Powdery Mildew Control Options

This disease is managed with resistant varieties and fungicides. An integrated program with both management tools is needed to achieve effective control. Additionally it is more difficult for new pathogen races or strains to develop when an integrated program is used.

There are resistant varieties in most crop groups with new varieties released most years. With melons, first find out what races occur in the area from state Extension specialists. Melons with resistance to pathogen races 1 and 2 provided good suppression of powdery mildew? when evaluated on Long Island in 2012. Many types of resistant melons are now available.

Be sure to select squash and pumpkins with resistance from both parents (homozygous resistance), when possible.
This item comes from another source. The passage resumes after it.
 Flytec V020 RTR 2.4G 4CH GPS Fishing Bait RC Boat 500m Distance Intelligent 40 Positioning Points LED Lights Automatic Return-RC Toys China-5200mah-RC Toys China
The term homozygous resistance is used in a few seed company catalogs whereas others use terms like “high resistance” and “intermediate resistance” to generally refer to homozygous and heterozygous resistance, respectively.
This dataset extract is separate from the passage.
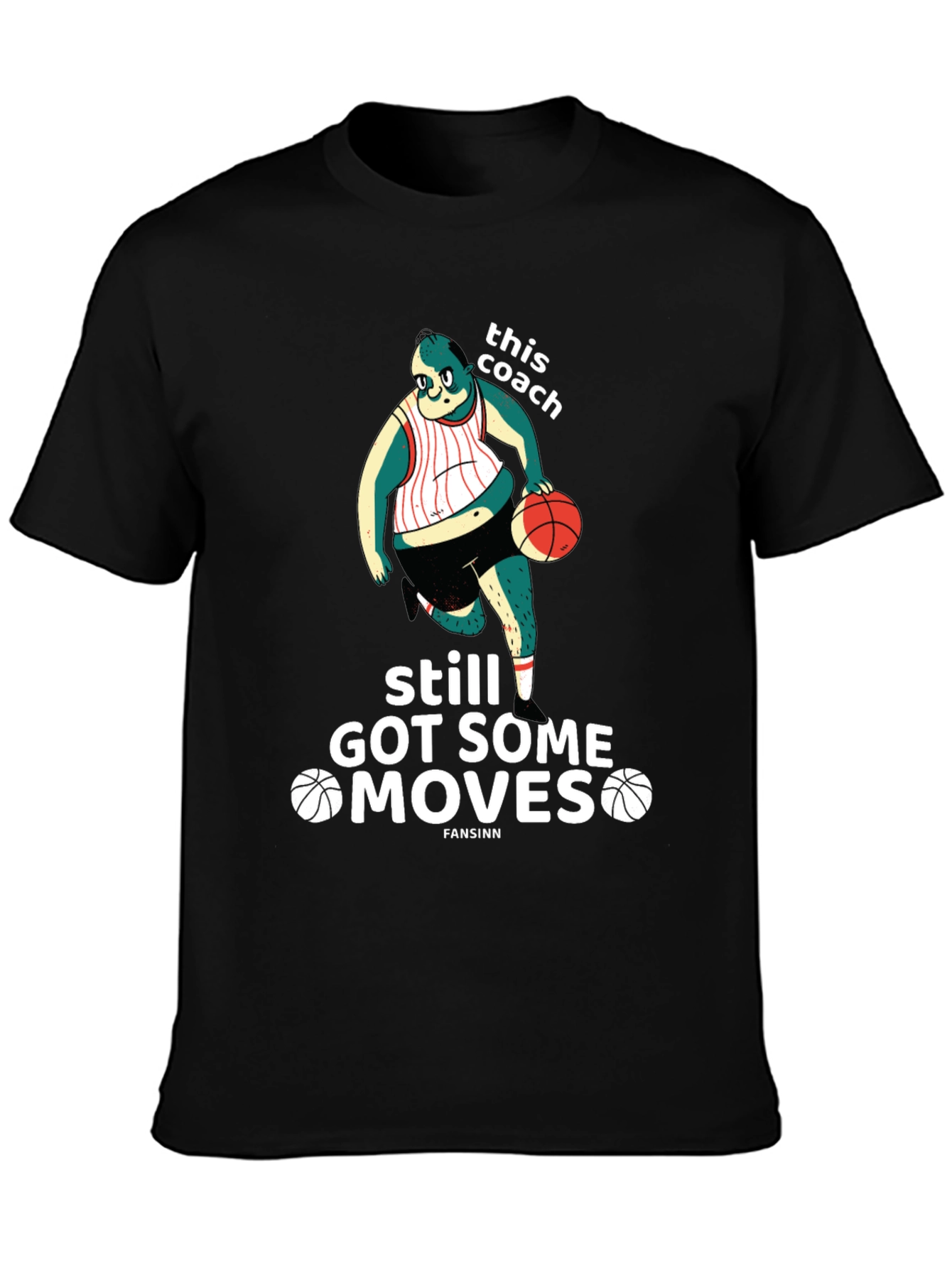 Funny Basketball Coach Graphic T-Shirt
The degree of disease suppression obtained with a variety also depends on modifying genes present. Resistant squash and pumpkin varieties have not provided as effective control in recent years as before, but they remain an important tool. Plant breeders are actively searching for new sources of resistance to powdery mildew.

Powdery mildew can be managed more effectively with organic fungicides than downy mildew. Many different products are available for growers to chose from that contain a large diversity of active ingredients, including botanical oils (such as sesame, rosemary, and thyme oil), mineral oil, potassium bicarbonate, biocontrol organisms (such as Bacillus and Streptomyces species), a plant extract (giant knotweed), copper, and sulfur.

The Trouble With Downy

Downy mildew is primarily managed with fungicides. Resistance was the main tool for cucumbers until a new strain of the pathogen appeared.

Since 2004, varieties with this resistance, which include most hybrids, have provided some suppression of the new pathogen strains present, but substantially less than what was achieved against strains present before 2004. However, these resistant varieties are still considered a worthwhile component of an IPM program. Fortunately, cucumber varieties with new genes for resistance are being developed.